Assignment
Your copy should hold only the lines from the one holding "An Open Standard" through the last line of the records below, both included, each exact and with no pictures.
※
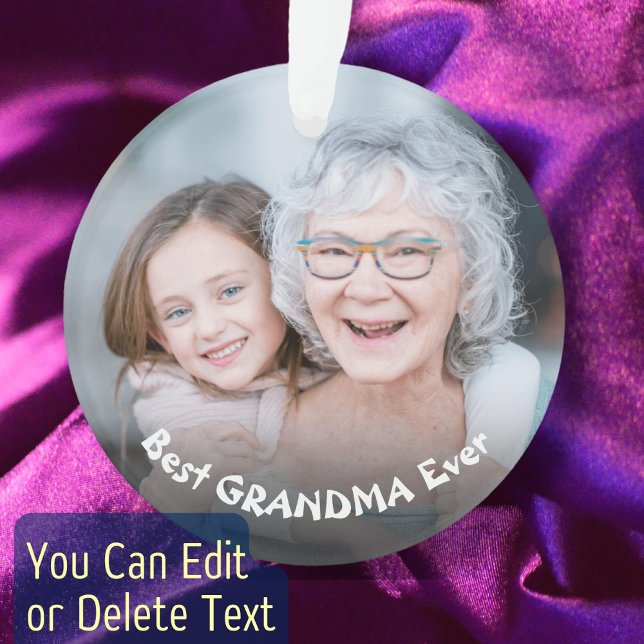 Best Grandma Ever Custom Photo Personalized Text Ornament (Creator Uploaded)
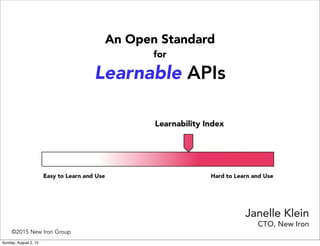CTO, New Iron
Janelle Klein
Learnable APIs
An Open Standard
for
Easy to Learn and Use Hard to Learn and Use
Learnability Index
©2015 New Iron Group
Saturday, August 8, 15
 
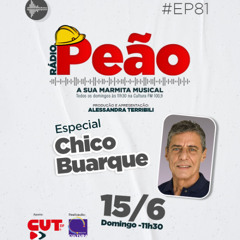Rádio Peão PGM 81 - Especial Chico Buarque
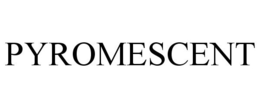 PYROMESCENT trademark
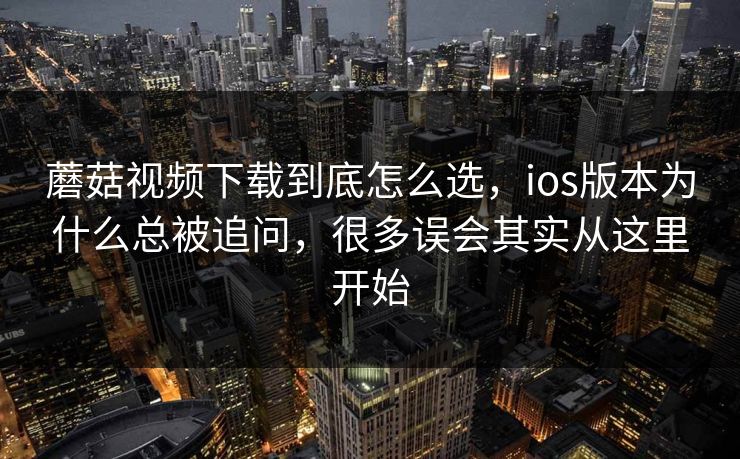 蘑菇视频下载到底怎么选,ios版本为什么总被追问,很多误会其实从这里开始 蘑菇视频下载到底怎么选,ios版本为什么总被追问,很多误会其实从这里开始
※
Solution
An Open Standard
for
Easy to Learn and Use Hard to Learn and Use
Learnability Index
©2015 New Iron Group
Saturday, August 8, 15
 
Rádio Peão PGM 81 - Especial Chico Buarque
 PYROMESCENT trademark
 蘑菇视频下载到底怎么选,ios版本为什么总被追问,很多误会其实从这里开始 蘑菇视频下载到底怎么选,ios版本为什么总被追问,很多误会其实从这里开始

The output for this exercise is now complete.